■ Work to complete ■
Should a line in the entries below contain "from", return that line.

■ Supplied entries ■
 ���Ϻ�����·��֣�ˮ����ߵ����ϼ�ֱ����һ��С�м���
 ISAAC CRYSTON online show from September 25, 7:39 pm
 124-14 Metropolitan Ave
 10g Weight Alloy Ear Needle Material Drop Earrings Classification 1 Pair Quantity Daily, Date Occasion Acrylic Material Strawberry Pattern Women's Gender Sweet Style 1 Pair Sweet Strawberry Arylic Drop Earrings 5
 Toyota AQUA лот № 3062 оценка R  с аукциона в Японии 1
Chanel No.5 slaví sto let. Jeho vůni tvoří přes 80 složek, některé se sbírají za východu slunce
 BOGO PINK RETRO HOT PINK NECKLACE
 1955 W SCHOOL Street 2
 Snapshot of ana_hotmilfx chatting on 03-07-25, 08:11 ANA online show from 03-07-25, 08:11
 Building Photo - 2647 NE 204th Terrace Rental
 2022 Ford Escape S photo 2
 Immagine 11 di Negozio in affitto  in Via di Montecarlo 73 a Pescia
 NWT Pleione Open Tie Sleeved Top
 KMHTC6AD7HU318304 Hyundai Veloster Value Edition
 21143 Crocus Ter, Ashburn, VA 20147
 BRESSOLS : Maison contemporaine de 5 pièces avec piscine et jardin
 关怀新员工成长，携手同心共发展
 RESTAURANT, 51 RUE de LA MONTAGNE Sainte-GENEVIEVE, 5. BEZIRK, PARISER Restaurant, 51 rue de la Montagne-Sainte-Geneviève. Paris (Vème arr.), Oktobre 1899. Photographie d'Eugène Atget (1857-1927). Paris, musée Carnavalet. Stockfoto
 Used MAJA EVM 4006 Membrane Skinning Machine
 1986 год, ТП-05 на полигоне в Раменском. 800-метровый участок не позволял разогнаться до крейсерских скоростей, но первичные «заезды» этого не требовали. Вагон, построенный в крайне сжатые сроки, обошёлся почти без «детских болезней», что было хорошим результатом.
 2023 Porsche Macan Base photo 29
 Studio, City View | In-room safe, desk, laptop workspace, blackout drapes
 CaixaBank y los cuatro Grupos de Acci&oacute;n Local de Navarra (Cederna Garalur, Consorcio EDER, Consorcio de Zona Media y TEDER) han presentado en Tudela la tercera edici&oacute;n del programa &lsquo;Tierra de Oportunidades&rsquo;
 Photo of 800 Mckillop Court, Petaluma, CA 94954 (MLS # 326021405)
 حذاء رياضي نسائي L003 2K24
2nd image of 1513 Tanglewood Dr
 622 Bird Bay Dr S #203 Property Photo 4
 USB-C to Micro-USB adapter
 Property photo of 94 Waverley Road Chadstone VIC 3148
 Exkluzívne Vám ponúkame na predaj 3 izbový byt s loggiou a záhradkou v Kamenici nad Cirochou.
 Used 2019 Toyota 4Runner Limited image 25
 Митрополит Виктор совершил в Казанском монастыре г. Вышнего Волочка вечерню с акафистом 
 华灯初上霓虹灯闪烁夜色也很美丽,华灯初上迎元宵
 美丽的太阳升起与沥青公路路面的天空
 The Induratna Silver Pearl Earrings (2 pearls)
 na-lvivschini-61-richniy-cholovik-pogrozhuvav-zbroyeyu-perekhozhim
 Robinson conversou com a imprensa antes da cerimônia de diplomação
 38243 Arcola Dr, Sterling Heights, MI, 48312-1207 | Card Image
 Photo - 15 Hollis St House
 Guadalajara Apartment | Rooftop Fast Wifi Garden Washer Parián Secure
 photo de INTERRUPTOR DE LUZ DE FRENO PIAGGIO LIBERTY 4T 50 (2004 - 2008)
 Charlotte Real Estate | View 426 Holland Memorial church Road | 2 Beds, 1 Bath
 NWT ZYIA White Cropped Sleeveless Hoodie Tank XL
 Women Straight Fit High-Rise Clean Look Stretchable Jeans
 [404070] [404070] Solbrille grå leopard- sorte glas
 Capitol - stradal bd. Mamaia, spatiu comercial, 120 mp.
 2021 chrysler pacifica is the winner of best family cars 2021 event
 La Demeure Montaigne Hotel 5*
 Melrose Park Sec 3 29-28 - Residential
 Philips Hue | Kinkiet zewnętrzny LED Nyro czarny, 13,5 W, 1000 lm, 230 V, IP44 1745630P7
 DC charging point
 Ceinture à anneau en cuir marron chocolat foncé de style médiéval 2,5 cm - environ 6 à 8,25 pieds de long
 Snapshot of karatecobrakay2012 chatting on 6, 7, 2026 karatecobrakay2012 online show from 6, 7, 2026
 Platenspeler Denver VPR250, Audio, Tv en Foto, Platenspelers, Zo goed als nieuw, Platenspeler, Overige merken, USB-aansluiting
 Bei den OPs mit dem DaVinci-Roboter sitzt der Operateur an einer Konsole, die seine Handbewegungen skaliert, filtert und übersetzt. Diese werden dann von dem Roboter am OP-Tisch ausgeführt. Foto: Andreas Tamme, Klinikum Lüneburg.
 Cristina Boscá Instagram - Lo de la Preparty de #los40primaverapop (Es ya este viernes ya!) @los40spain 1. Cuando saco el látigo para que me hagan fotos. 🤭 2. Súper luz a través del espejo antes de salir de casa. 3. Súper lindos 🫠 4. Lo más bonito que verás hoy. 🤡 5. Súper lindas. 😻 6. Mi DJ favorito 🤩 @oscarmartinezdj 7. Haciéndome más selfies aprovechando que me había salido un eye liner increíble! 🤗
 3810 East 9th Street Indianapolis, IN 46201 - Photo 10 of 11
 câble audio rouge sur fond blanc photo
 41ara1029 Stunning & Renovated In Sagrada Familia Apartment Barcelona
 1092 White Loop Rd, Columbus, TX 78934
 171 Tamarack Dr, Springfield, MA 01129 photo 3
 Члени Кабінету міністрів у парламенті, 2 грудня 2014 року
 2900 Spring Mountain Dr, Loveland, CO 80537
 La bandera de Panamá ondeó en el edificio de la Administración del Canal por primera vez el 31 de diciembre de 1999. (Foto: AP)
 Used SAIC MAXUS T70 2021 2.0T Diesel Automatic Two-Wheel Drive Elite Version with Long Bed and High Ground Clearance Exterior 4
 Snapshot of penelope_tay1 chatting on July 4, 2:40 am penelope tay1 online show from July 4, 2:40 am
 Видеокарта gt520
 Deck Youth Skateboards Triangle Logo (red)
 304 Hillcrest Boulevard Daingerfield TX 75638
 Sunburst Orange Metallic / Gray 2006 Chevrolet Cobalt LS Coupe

■ Reply ■
 ISAAC CRYSTON online show from September 25, 7:39 pm
 Snapshot of ana_hotmilfx chatting on 03-07-25, 08:11 ANA online show from 03-07-25, 08:11
 Snapshot of karatecobrakay2012 chatting on 6, 7, 2026 karatecobrakay2012 online show from 6, 7, 2026
 Snapshot of penelope_tay1 chatting on July 4, 2:40 am penelope tay1 online show from July 4, 2:40 am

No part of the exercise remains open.